Martin Scorsese and how it all began

Just had a chance to watch the three-DVD documentary set called "A Journey Through American Movies with Martin Scorsese."

Choice selection indeed!

Scorsese takes us from Hollywood's earliest incarnations, all the way up to the late 60s in American film lore. Right until the time when he started making films himself.

Without spoiling it for the rest of us, let me just say it''s a comprehensive and nearly four-hour overview of some of the classic genres in old-time Studio filmmaking. A dear friend even tipped me off to the companion book -- an offshoot of this great British Film Institute project.

From its early pre-WWI years with films like Intolerance and Cabiria, to the mid-twenties and projects by the German masters Fritz Lang and F.W. Murnau, to Cecil B. DeMille's Ten Commandments, to Vicente Minnelli, to Howard Hawkes and Anthony Mann, and more. They're all in there.

I recommend it as required viewing for anyone desiring to hold their own in a film conversation. (I didn't know how much I was missing -- it's really endless, and as Scorsese says: "My education never ends."

Too little is known about the old studio system, with the former Big Five of Warner Bros., MGM, Paramount, RKO, and Fox -- the executive system today seems to be the end all be all -- as if nothing preceded it.

But like Will Smith sings in one of his famous songs -- "you don't know where you're going, if you don't know where you've been." (Continuing...it's here and I like it...)

If you get a chance to see it, give me a shout. Better yet, let's talk about how it influenced you. As for yours truly -- I am now a film noir junkie.

Hey, you gotta have one vice in life, right?


3 Comments:

At 5:20 am, Blogger Sandra Vahtel said...

Just one? Aw, that's no fun.

To answer your question from before, I'm not sure how similar the book is to the documentary, because I haven't seen it.
Chances are, if you've seen one, you don't have to read the other.

It sounds like a whole semester's worth of film history crammed into a few hours. It would be interested in hearing his perspective, though...

 
At 9:52 am, Blogger ADM said...

It's funny -- because it actually brings up an idea I was thinking about on my journey home. I looked at the gates to the neighbourhood where I live, and then I thought about how we used to climb at atop its walls -- it actually looks like a rampart -- so, when I ascend it, we could literally be on any fortress' walls --whether we're in Nettuno, Italy or Jerusalem, or Havana or whatever.

I thought back to a time when I was 10, and how we used to play there. But I look around, and nothing remains for the former time. Had me thinking about history...

If what was only there 20 years ago is no longer there...and all of the good times can be so quickly forgotten -- then what can we say about, I dunno, the past 100 years -- what measure of credibility do we have that what transpired a short time ago is precisely as it's recorded?

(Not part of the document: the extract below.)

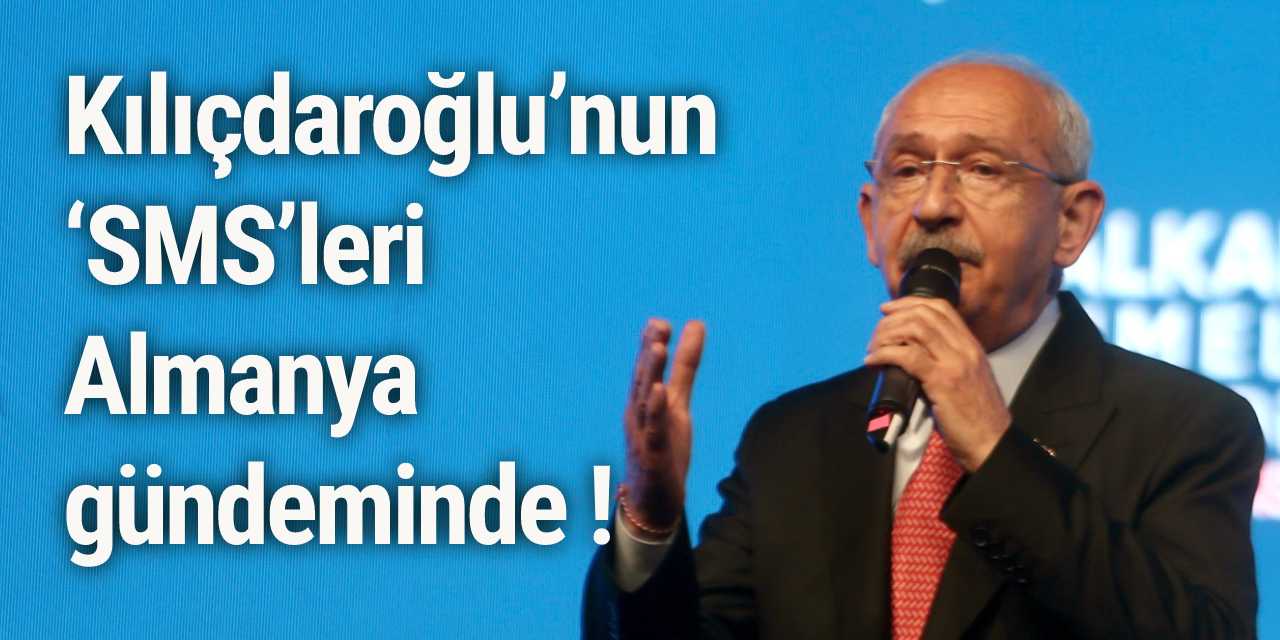 Kılıçdaroğlu’nun ‘SMS’leri Almanya gündeminde !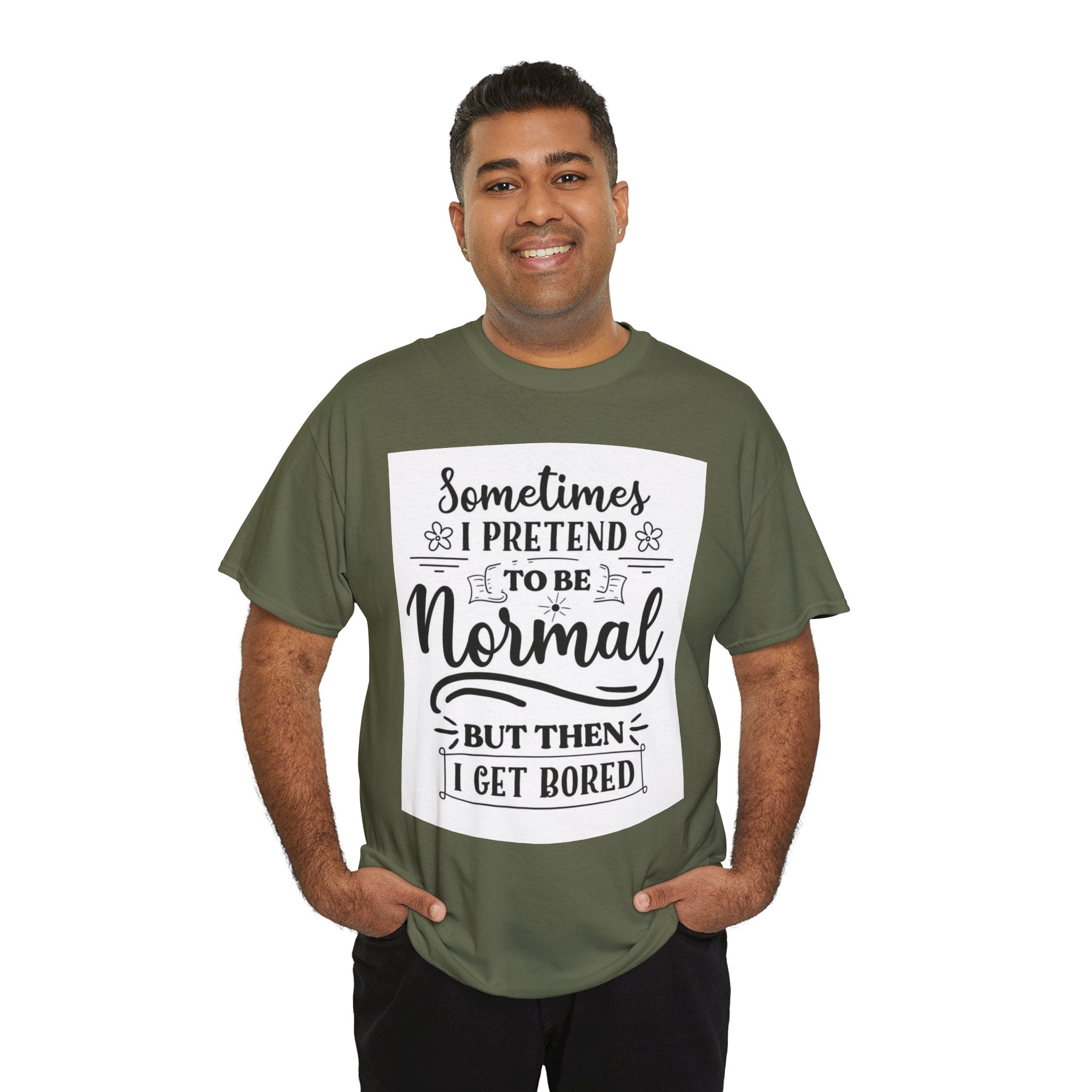 Sometimes I Pretend to Be Normal But Then I Get Bored T-Shirt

I started to get afraid -- for then, as student and afficionado of history -- are the things I've been learning all the time half-truths. I mean, it's not going to stop me -- and thankfully, I'm glad I'm not being indoctrinated -- but perhaps I am -- and I don't even know it?

Something that crossed my mind.

 
At 9:58 pm, Blogger Simon said...

If we all thought as much as you did, Adam, we'd all be pretty scared. I don't mean that facetiously, I seriously mean that life is pretty scary unless we consciously have faith in something - even if it is the fact that we actually did wake up this morning on Earth, and we're not actually in the Matrix or something. That's why I laugh when people admire me for having faith in God - we all have to have faith in something! Being a total skeptic would be a life of absolute terror...

But I digress... about the DVD: the power shift from studio to artist is starting to happen with musicians, too. George Michael recently released an album under his own terms because he didn't want to muck around with record labels anymore.

Question: is this just an arts thing? Or will we see the "Free Agent Nation" picture that Daniel Pink predicted, where every worker becomes - for better or worse - a self-employed master of their own destiny?